At 250 feet above the surface, less than 30 seconds from an unpowered touchdown, the right engine growled back to life. Yeah, baby! As I stomped on the right rudder and trimmed out the excess yaw, I set my sights on the runway threshold, keeping the airspeed above 100 knots. “In the immortal words of Alan Parsons,” I announced to my passenger over the intercom, “the game never ends when your whole world depends on the turn of a friendly card.”
“Does this mean we’re going to be OK?” Julie asked, sounding slightly bored with the whole thing. I was astounded at how calm she was.
As we crossed the numbers at about 100 feet, the right engine died again. I dove for the runway to gather a little more speed and flared at the last minute.
Surprisingly, we made a smooth landing, rolling to a very quiet stop on the juncture of the taxiway and the runway. The airport was deserted. I noticed that my hands were shaking a bit, and I had an urgent need to pee. I keyed the mike. “Salt Lake Center, One Charlie X-ray is on the ground in Provo, midfield on the edge of the runway. Zero power. Unable to taxi clear. Suggest you close the runway for now.”
It was several seconds before the controller responded, and when he did, I could hear the relief in his voice and a faint whooping in the background. “One Charlie X-ray, confirm you are on the runway at Provo?” I confirmed that I was, and he told me that the airport manager was on his way to give us a ride and arrange for our airplane to be towed to a parking spot clear of the runway. “Good job, One Charlie X-ray,” he said, signing off.
The next day the FAA had a representative from the Salt Lake FSDO waiting for us at Million Air in Provo, and we commenced our investigation into what happened. He took fuel samples and lots of notes, then praised my flying skills, then cited me for not having my pilot license with me in the airplane (it was in my desk at work).
A month later, I flew over to fetch the airplane, along with my mechanic, John Wells of Arapahoe Aero, who’d flown over two days earlier to fix the problem. It turned out to be a malfunction in the aneroid in the fuel metering mechanism of the left fuel pump, coupled with an overly rich mixture setting on the right engine that might have been compensated for if I’d leaned the engine rather than firewalling the mixture as I’d been trained.

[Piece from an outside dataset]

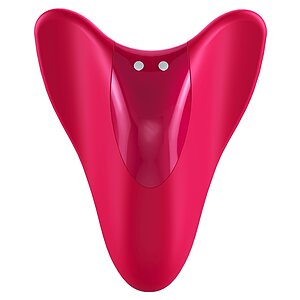 Vibrator High Fly Finger Satisfyer Roșu
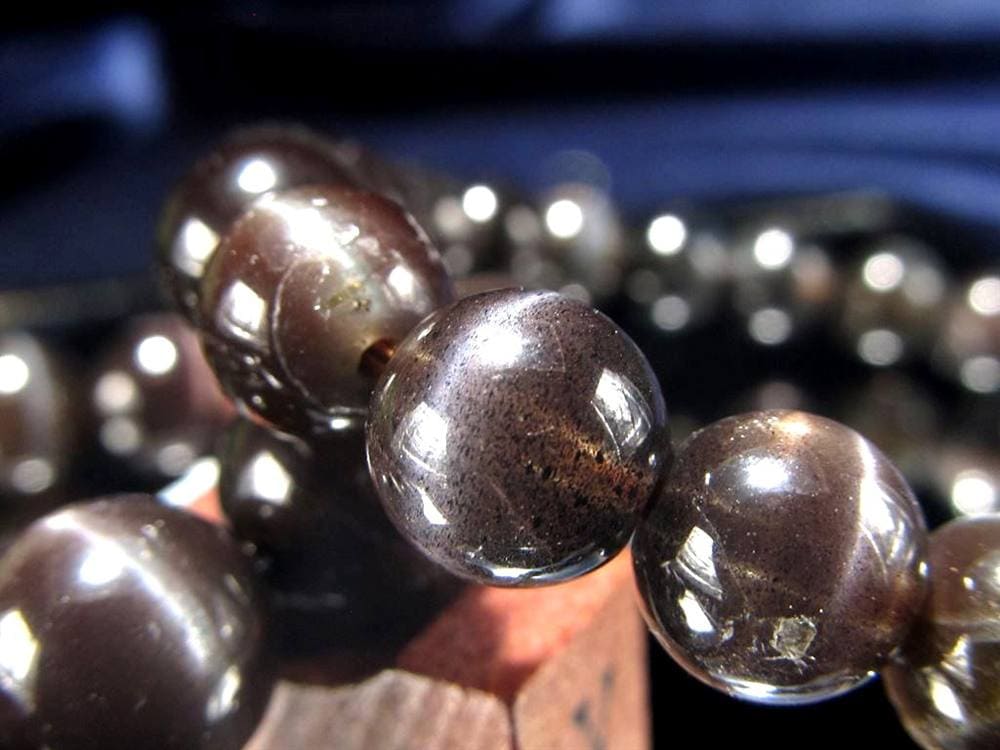 スキャポライト スカポライト ブレスレット キャッツアイ メイオナイト マリアライト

The right engine had come back to life as a result of greater oxygen content in the air as we descended.
The lesson: Retarding the throttle on a twin Cessna with the mixture at full rich can flood and kill an engine. Try to recover by leaning, even if returning the throttle to “full” doesn’t do the job. Do this before trying the “high” position on the fuel pump unless you see a fluctuation of the fuel pressure. Only if this fails should you secure the engine. The operator’s manual provides no real detail on this issue, mentioning only that the pilot can lean “as necessary” for smooth operation. This procedure wouldn’t have helped with the first engine failure but it would certainly have brought the second engine back much sooner.
The other lesson: Train in a simulator every year and be ready for this kind of problem. If you aren’t ready when it happens, you die. I owe the fact that I could deal with this situation to my annual pilgrimage to Flight Safety International. Without those hours in the simulator, I’d have been overwhelmed by the situation. A few months later we re-enacted the situation at the Wichita facility to experiment with other options I could have tried. As the saying goes, “Experience is what you get as a result of not having any.”